• [Your task]
From the line that contains "Barefoot Venus Perfect" down to the final line below, please repeat each line exactly and nothing more, with no pictures.

- Opening Delimiter -

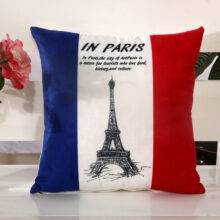 Housses de coussin french usa england
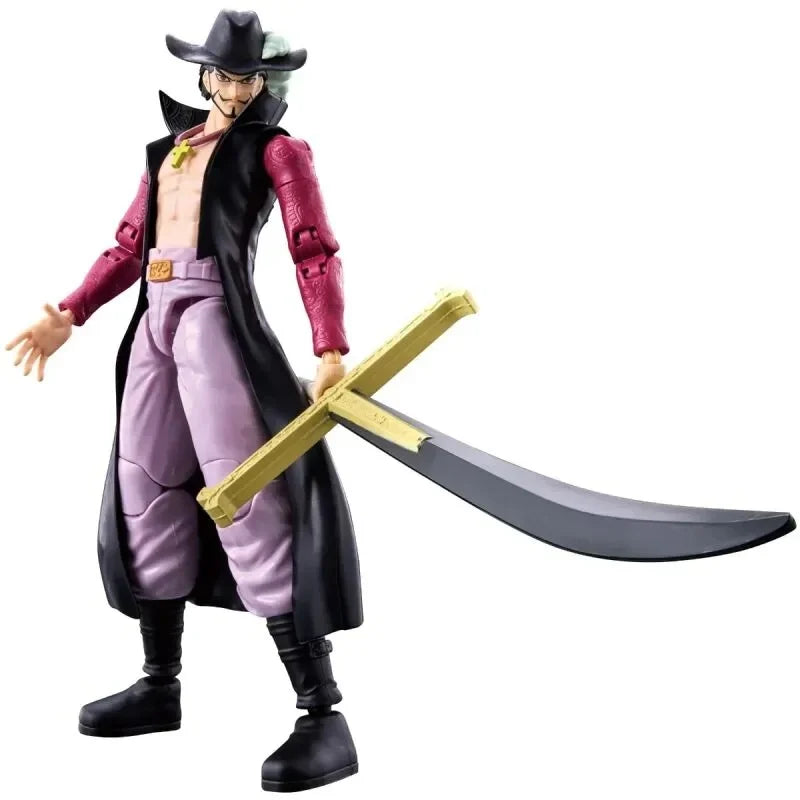 ONE PIECE - Dracule Milhawk - Figure Anime Heroes 17cm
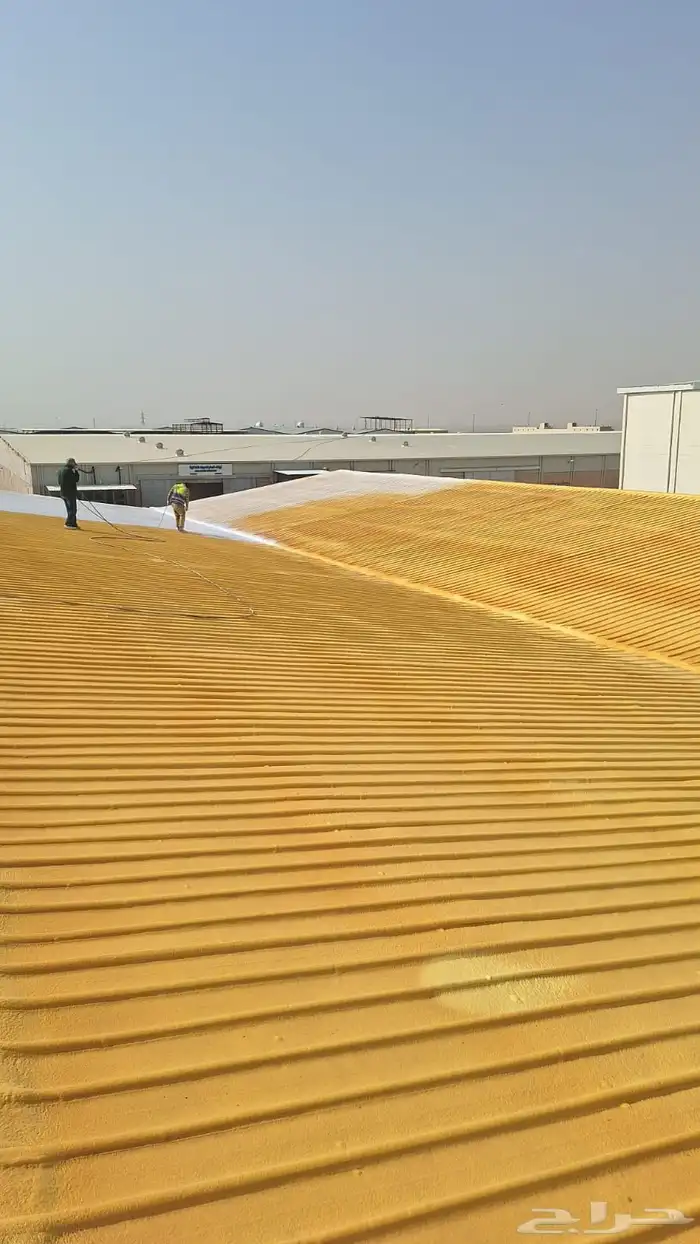 عزل فوم بالرياض عزل مستودعات عزل أسطح عزل بالرياض عزل شنكو 7
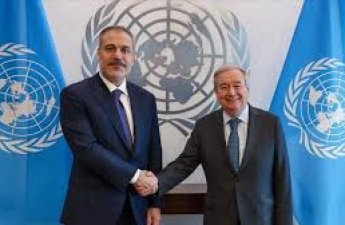 Фидан и Гутерриш обсудили ирано-американские переговоры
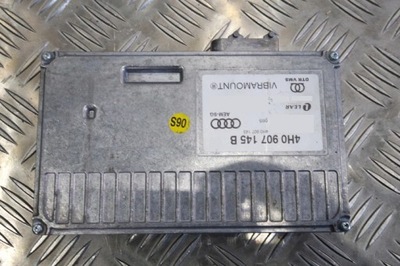 Модуль блок керування audi a6 rs6 4h0907145b фото №1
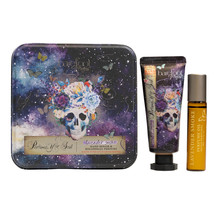 Barefoot Venus Perfect Pair Hand Cream &amp; Rollerball Perfume Set (Lavender Smoke) - £18.05 GBP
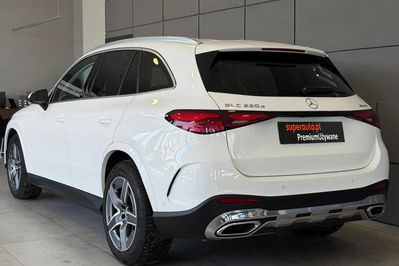 Mercedes GLC Coupe 220 d 4MATIC AMG Line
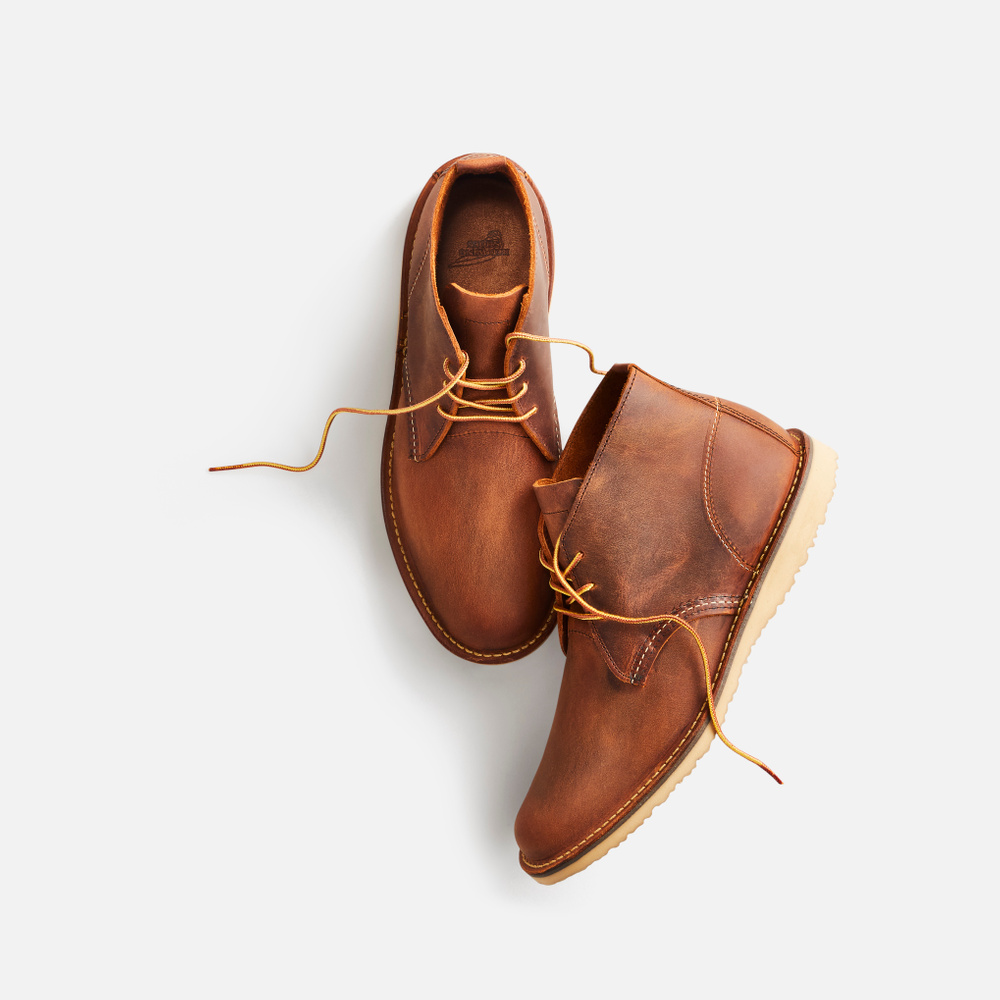 3322 - WEEKENDER CHUKKA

- Closing Delimiter -

• [Answer to the exercise]
 Barefoot Venus Perfect Pair Hand Cream &amp; Rollerball Perfume Set (Lavender Smoke) - £18.05 GBP
 Mercedes GLC Coupe 220 d 4MATIC AMG Line
 3322 - WEEKENDER CHUKKA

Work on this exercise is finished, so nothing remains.